Troubleshooting Example
Let’s say there are two devices in the UIM inventory with the name “foobar” that appear to be duplicates.
Query CM_COMPUTER_SYSTEM to determine the cs_id values for the “foobar” devices:
select * from CM_COMPUTER_SYSTEM where name='foobar'
The cs_id’s are determined to be 314851 and 314852.
Now, open the probe_utility on the discovery server, select the “query_devices_by_cs_ids” command, set cs_ids to “314851,314852,” and run the command.   To see the results, retrieve the newest query_devices_by_cs_ids_<datecode>.zip file in the discovery_server directory from the system where discovery server is installed.

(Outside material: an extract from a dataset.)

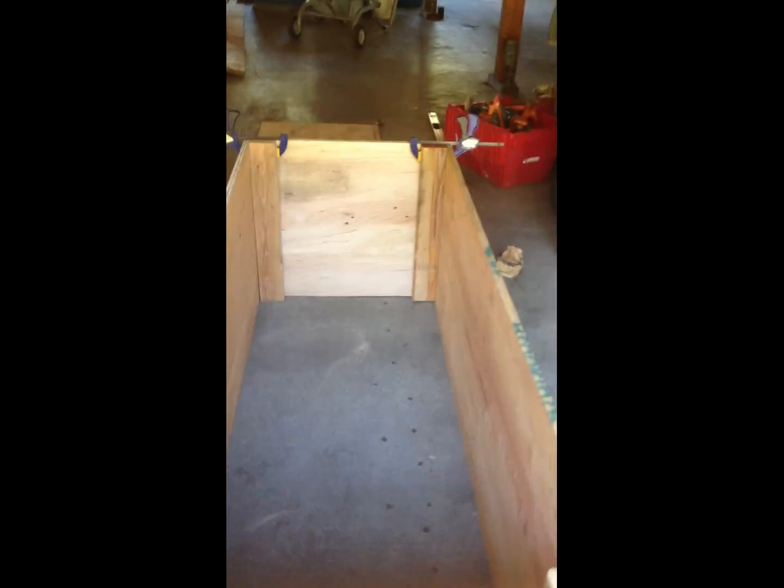Everything from building the battery box, which I'm doing right now. I'm going to be putting 16 L16 batteries in this box here. My dimensions inside are 68 inches by 26 and a half inches on the width, and the height is approximately two feet.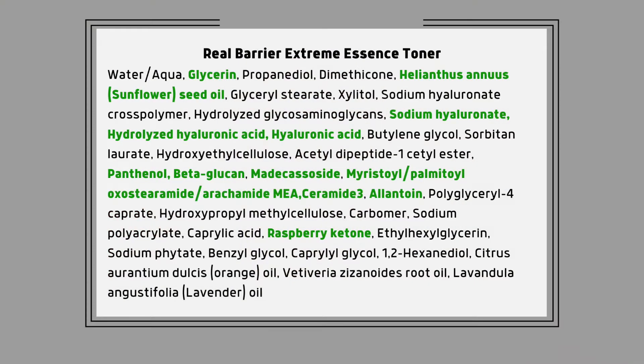When looking through the ingredients deck there's quite a lot in here. Some of the major ingredients are glycerin, sunflower seed oil, sodium hyaluronate, and other hyaluronic acids — all in the top 10 of the ingredient deck. That's why it's so uniquely hydrating, because it's not purely a toner — it's a hydrating toner.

Looking in the cm_device_correlation_history.csv file, you see that the “foobar” devices are not finding a match (target_dev_id is empty and match_type is ‘none’):
source_dev_id
target_dev_id
cs_id
time_processed
reason
match_type
D268FAC8073818534EF7B6463F201267A
314851
2/2/17 15:16
0
none
DB26684F675CD005DEBC4E387593590D2
314851
2/2/17 15:16
0
none
Looking in the cm_device_attribute.csv file, you see the following:
dev_id
cs_id
dev_ip
dev_name
probe_name
dev_attr_key
dev_attr_value
D268FAC8073818534EF7B6463F201267A
314851
foobar
probe1
CorrrelationNames
foobar
D268FAC8073818534EF7B6463F201267A
314851
foobar
probe1
Origin
HubA
DB26684F675CD005DEBC4E387593590D2
314852
foobar
probe2
CorrrelationNames
foobar
DB26684F675CD005DEBC4E387593590D2
314852
foobar
probe2
Origin
HubB
The devices don’t include an IP address.  The only common correlation property between the two devices is the name “foobar.”  The devices don’t correlate because their origins don’t match.
Looking over possible solutions in the device correlation configuration documentation, you decide to use the <treat_as_equal_values> feature to specify that origins HubA and HubB should be treated as equal for correlation purposes.
You copy discovery_server.cfg to discovery_server_test.cfg and add a <treat_as_equal_values> section to <Origins> in the discovery_server_test.cfg.
Now, run the “dry_run_correlate_devices_by_cs_ids” discovery server command.  Set cs_ids to “314851,314852” and optional_cfg_file to “discovery_server_test.cfg.”  Get the newest dry_run_correlate_devices_by_cs_ids _<datecode>.zip file from the discovery_server directory to check the results.
Looking in the correlation_results.csv file, you see that the devices now correlate:
source_dev_id
target_dev_id
cs_id
time_processed
reason
match_type
D268FAC8073818534EF7B6463F201267A
DB26684F675CD005DEBC4E387593590D2
2/2/17 15:37
0
name_origin
DB26684F675CD005DEBC4E387593590D2
D268FAC8073818534EF7B6463F201267A
2/2/17 15:37
0
name_origin
Having verified the configuration change, copy discovery_server_test.cfg to discovery_server.cfg and restart the discovery server.
To re-correlate the “foobar” devices with the new configuration, you can use the “reimport_devices_by_cs_ids” discovery server command and set cs_ids to “314851,314852”.